On 09/12/2014 08:52 PM, Tom Lane wrote:
> Robert Haas <robertmhaas@gmail.com> writes:
>> On Fri, Sep 12, 2014 at 1:11 PM, Josh Berkus <josh@agliodbs.com> wrote:
>>> It's certainly possible that there is a test case for which Heikki's
>>> approach is superior, but if so we haven't seen it. And since it's
>>> approach is also more complicated, sticking with the simpler
>>> lengths-only approach seems like the way to go.
>
>> Huh, OK. I'm slightly surprised, but that's why we benchmark these things.
>
> The argument for Heikki's patch was never that it would offer better
> performance; it's obvious (at least to me) that it won't.
Performance was one argument for sure. It's not hard to come up with a
case where the all-lengths approach is much slower: take a huge array
with, say, million elements, and fetch the last element in a tight loop.

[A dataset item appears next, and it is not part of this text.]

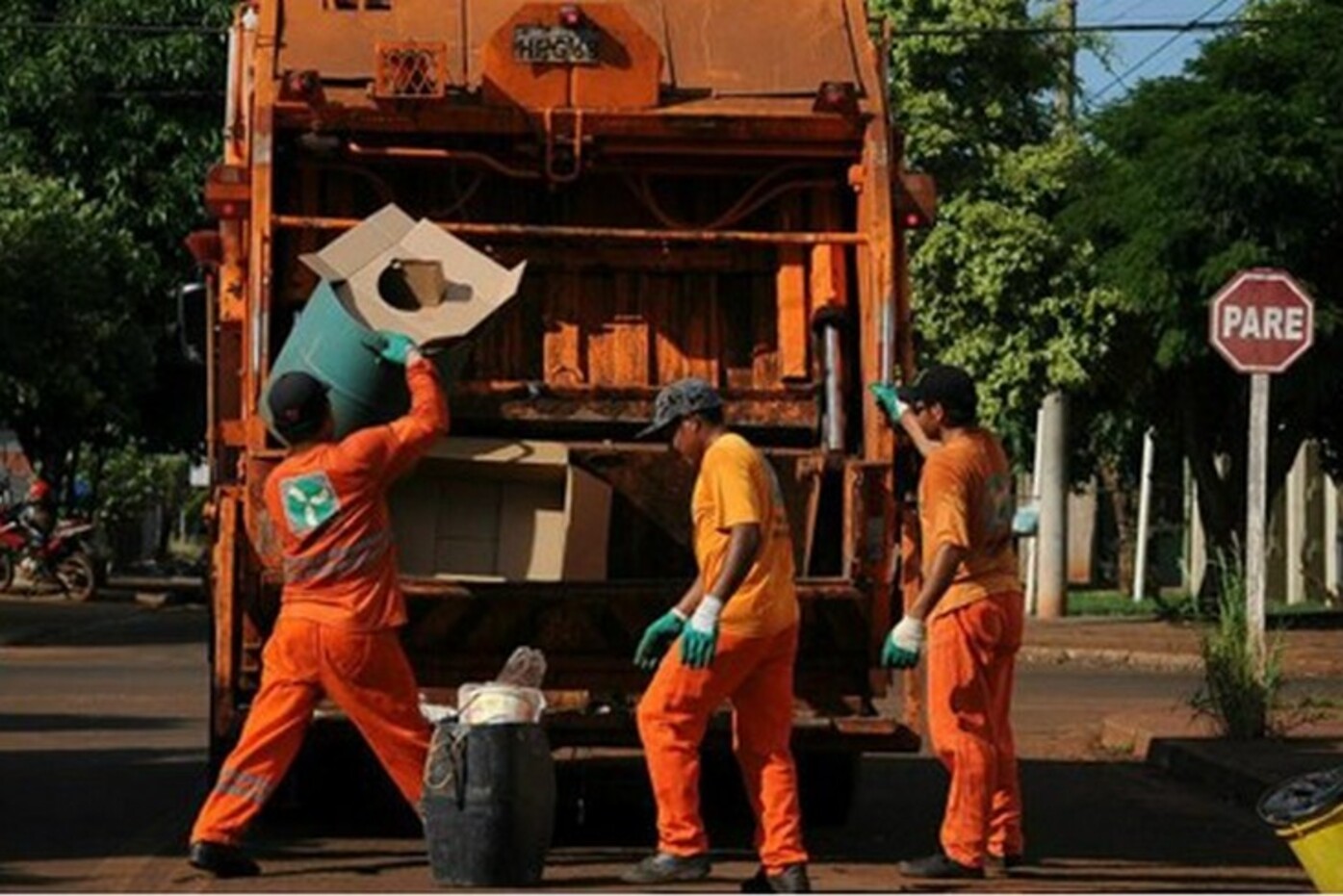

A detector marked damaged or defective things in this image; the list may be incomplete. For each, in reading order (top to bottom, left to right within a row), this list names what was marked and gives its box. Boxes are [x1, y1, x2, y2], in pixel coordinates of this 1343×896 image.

rusty truck body [194, 0, 928, 820] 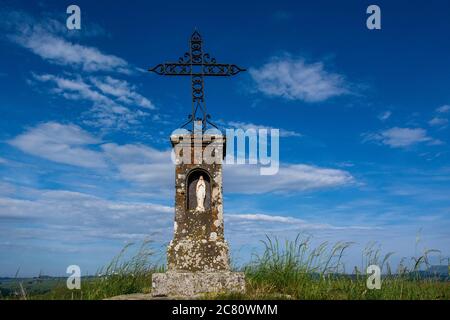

And do that in a PL/pgSQL function without storing the datum to disk, so
that it doesn't get toasted. Not a very common thing to do in real life,
although something like that might come up if you do a lot of json
processing in PL/pgSQL. but storing offsets makes that faster.
IOW, something like this:
do $$
declare ja jsonb; i int4;
begin select json_agg(g) into ja from generate_series(1, 100000) g; for i in 1..100000 loop perform ja ->> 90000;
endloop;
end;
$$;
should perform much better with current git master or "my patch", than
with the all-lengths patch.
I'm OK with going for the all-lengths approach anyway; it's simpler, and
working with huge arrays is hopefully not that common. But it's not a
completely open-and-shut case.
- Heikki